Unilateral or bilateral paralysis
of the superior laryngeal nerve
Symptoms. These include aspiration of food and drink, loss of power of the
voice, and inability to sing in the higher part of the range, particularly in a
bilateral paralysis. Breathing is scarcely affected.
Pathogenesis. The paralysis affects the function of the cricothyroid muscle as
well as the sensory nerve supply to the supraglottic part of the larynx. The
paralysis is due to mechanical lesions of the nerve particularly after thyroid
gland operations, tumors, and viral infections.
Diagnosis. Laryngoscopy shows that the vocal cords are in the intermedian
position, the tension of the vocal cords is reduced so that the glottis does not
close completely on phonation, in unilateral paralysis, the ipsilateral vocal
cord is often shortened and lies lower than the nonparalyzed side.
Treatment. Corticosteroids should be tried, proserine, euphylline, vitamins,
biostimulators, electrotherapy and speech therapy is prescribed.
Combined lesions of the laryngeal nerves
Included are lesions of the superior laryngeal and recurrent laryngeal nerves.
Symptoms. Unilateral paralysis includes dysphonia and breathy voice due to air
loss. The healthy vocal cord compensates later. Aspiration occurs because of
absence of the sensory protection.

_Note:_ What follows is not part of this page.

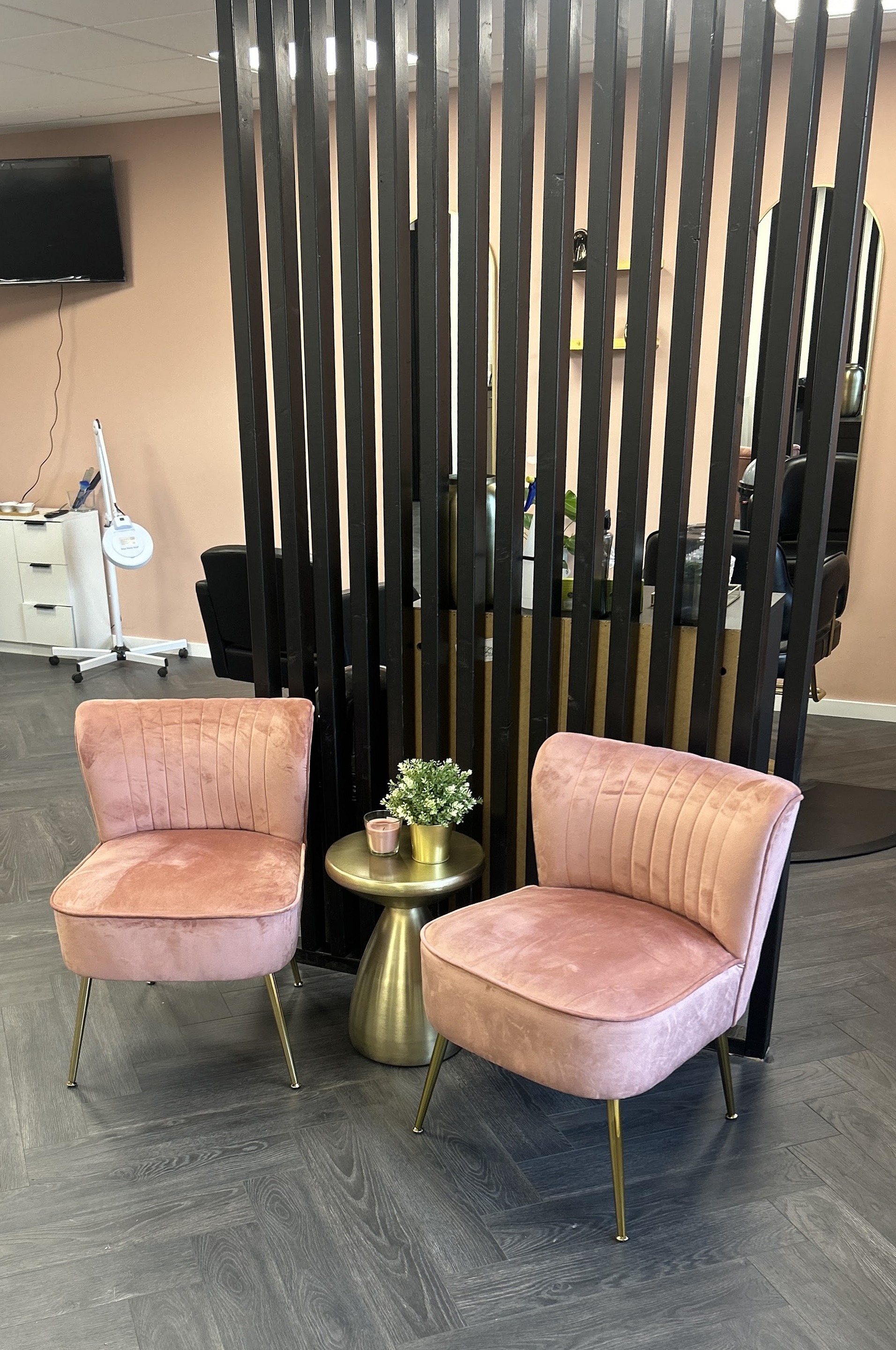 De wachthoek van de salon: twee roze fluwelen stoelen bij een goudkleurig tafeltje, met een zwarte lamellenwand erachter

In bilateral paralysis, there is dysphonia or
aphonia and almost always good respiration at rest. There is also aspiration and
a marked feeling of breath shortage during bodily exertion.
Pathogenesis. The basic cause is central or peripheral damage to the vagus nerve
causing a flaccid paralysis with immobility of the affected vocal cord in the
intermediate position. There is bilateral flaccid paralysis with bilateral
lesions.
Diagnosis. Laryngoscopy shows one or both of the vocal cords to be bowed and
paralyzed in the intermediate position.
Treatment. It is seldom possible to treat the cause of this paralysis, and the
mainstay of treatment is speech therapy.
If speech therapy for a unilateral atrophic vocal cord paralysis does not
succeed in producing compensation by movement of the healthy vocal cord across
the midline, the volume of the affected side of the larynx may be supplemented
to produce a satisfactory voice by injection of the affected vocal cord with
teflon paste.
Larynx stenosis
Larynx stenosis, a narrowing of larynx space, which leads to difficult
breathing, may be caused by the following causes:
1. Inflammatory edema of larynx (acute laryngotracheitis, phlegmonic laryngitis,
epiglottis abscess, suppurative processes in pharynx, parapharyngeal and
retropharyngeal spaces, in the region of the vertebra column cervical part, of
lingual root and soft tissues of the oral cavity floor).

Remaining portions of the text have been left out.